Abweichend vom Vorjahr haben dieses Mal die Vereinsvertreter keinen ausgedruckten Kassenbericht erhalten. Weder mit der Einladung, noch auf der Mitgliederversammlung oder im Nachgang mit dem Protokoll wurde dieser übergeben. Eine entsprechende Vorbereitung und die Erarbeitung von Fragestellungen waren so nahezu unmöglich. Den vorgestellten Bericht konnte man nach der Versammlung zwar noch einsehen, jedoch brachte man die dazugehörigen Belege nicht vor Ort mit. Auf Nachfrage sagte man, dass man bei Interesse einen Termin zur Einsicht in der Geschäftsstelle vereinbaren könne.

Auffällig waren dieses Jahr eine Rückbuchung bei den Pachtzahlungen in Höhe von 2.665,23€ und das für die Kleingartenanlage Lehmbreite in Ermsleben Vereinsmittel und Geld aus dem Rückbau-Cent in Höhe von insgesamt 6.051,15€ entnommen wurden. Weiterhin blieb auch eine Rücklage im Verband für die Instandsetzung der Hausfassade aktiv. Nach einem Aufruf des Schatzmeisters, könnten sich aber auch handwerkliche Gartenfreunde für diese Arbeit melden. Wie dann eine sachgerechte Ausführung sichergestellt werden könnte und wie eine ordnungsgemäße Abrechnung anschließend erfolgen würde, blieb allerdings offen.

Breite Zustimmung

In der Aussprache unter TOP 7 wurde auf der Versammlung nach Fragen nur zum Kassenbericht gefragt. Im Protokoll findet sich aber dann die Niederschrift, dass es außer eine Rückfrage generell zu den Berichten, „Keine weiteren Fragen zu den drei Berichten“ geben würde. Es folgte daraufhin die Entlastung des Vorstandes für das Geschäftsjahr. Bei der Abstimmung forderten nur 2 kritische Gartenfreunde die Nichtentlastung.

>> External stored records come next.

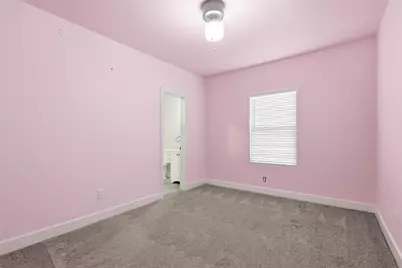 1615 N Oak Avenue, Mineral Wells, TX 76067 - Photo 15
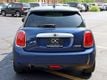 2014 MINI Cooper Hardtop 2 Door  - 22449676 - 5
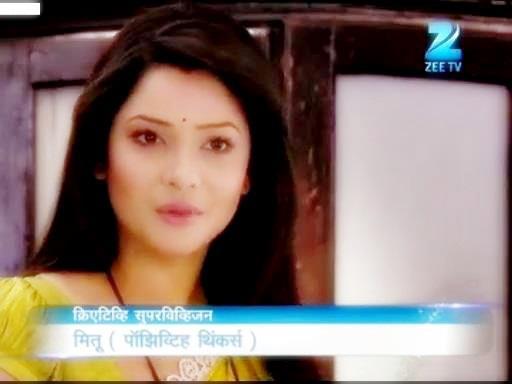 Archana in Love [114] - Archana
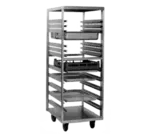 Eagle Group UAR-70-A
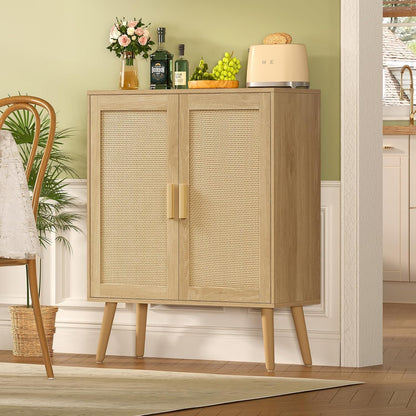 Iwell Storage Cabinet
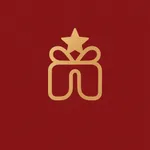 GoLoyal icon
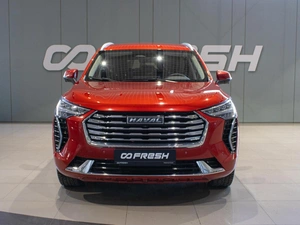 Внедорожник Haval Jolion 2023 года, 2299000 рублей, Петрозаводск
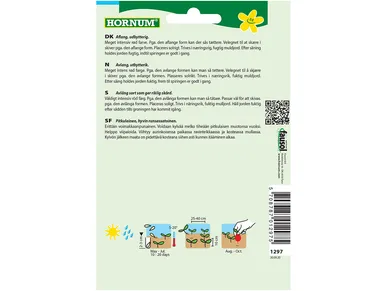 5708787012975_1 kuva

Grundsätzliches zu Beschlussvorlagen

„Gelegentlich herrscht in der Praxis zu Unrecht Scheu, von einem mit der Ladung mitgeteilten Vorschlagtext abzuweichen. Der Hinweis auf dem mit der Ankündigung versandten Beschlussvorschlag und dessen vermeintliche Unveränderbarkeit kann dazu verleiten, wegen dieses angeblichen Zwangs auch die Diskussion über Details und Änderungswünsche abzukürzen. Richtig ist aber das Gegenteil: Gerade weil umfassend diskutiert werden soll, müssen im Rahmen des angekündigten Themas auch Änderungsanträge möglich sein. …“

XIV Die Mitgliederversammlung – 9. Verlauf der Versammlung – d) Dringlichkeits- und Initiativanträge RZ 927

Beschlussfassung 9.1 – Wahlordnung

Im Tagesordnungspunkt 9 ging man zu den Beschlussvorlagen über. Unter TOP 9.1 wurde dann nach Diskussion die Beschlussvorlage der Wahlordnung wie folgt abgeändert:

Vorher
Nachher

Kurios, die neu gefasste Wahlordnung wird mit keinen Wort in der Satzung des Regionalverbandes erwähnt bzw. wird sich darauf bezogen. Auch ergibt sich aus der Änderung, das es keine Stimmenthaltungen bei geheimen Wahlen mehr gibt. Da jede Stimme, bei der nicht eindeutig „Ja“ angekreuzt wurde, als ungültig anzusehen ist. Dazu auch nochmal das Handbuch zum Vereinsrecht:

„Jedes Mitglied hat eine Stimme. Ein Stimmzettel, auf dem mehr als ein Bewerber angekreuzt sind, ist ungültig. Als Stimmenthaltung gilt die Abgabe eines Stimmzettels, auf dem keiner der Bewerber angekreuzt und/oder kein anderer Name eines zu Wählenden eingetragen und angekreuzt ist.“

XV Abstimmungen, Wahlen, Beschlüsse – 2. Abstimmung bei Wahlen – b) Einzelwahl RZ 1012

Beschlussfassung 9.3 – Änderung Satzung

Man beschäftigte sich mit der zweiten Satzungsänderung, bei der es um den Verbleib des Regionalverbandsvermögen ging bei Vereinsauflösung. In der Beschlussvorlage des Verbandes sollte neu der Bundesverband der Kleingärtner Deutschlands e.V. eingetragen werden. Gegenvorschlag wurde mündlich die Stadt Quedlinburg vom Kleingartenverein Holzbreite 2 eingebracht. Es folgte in der Versammlung ein rechtlicher Abriss der Verbandsfachberaterin und warum es angeblich nicht erlaubt sei. Im Protokoll wurde dies wie folgt vermerkt:


Einmal in die Mustersatzung für gemeinnützige Vereine beim Bundesministerium für Justiz geschaut, ergibt folgende Musterformulierung:

§ 15 Auflösung des Vereins, Beendigung aus anderen Gründen, Wegfall steuerbegünstigter Zwecke

(2) Bei Auflösung oder Aufhebung des Vereins oder bei Wegfall steuerbegünstigter Zwecke fällt das Vermögen des Vereins an eine juristische Person des öffentlichen Rechts oder eine andere steuerbegünstigte Körperschaft, zwecks Verwendung für … (Angabe eines bestimmten gemeinnützigen, mildtätigen oder kirchlichen Zwecks).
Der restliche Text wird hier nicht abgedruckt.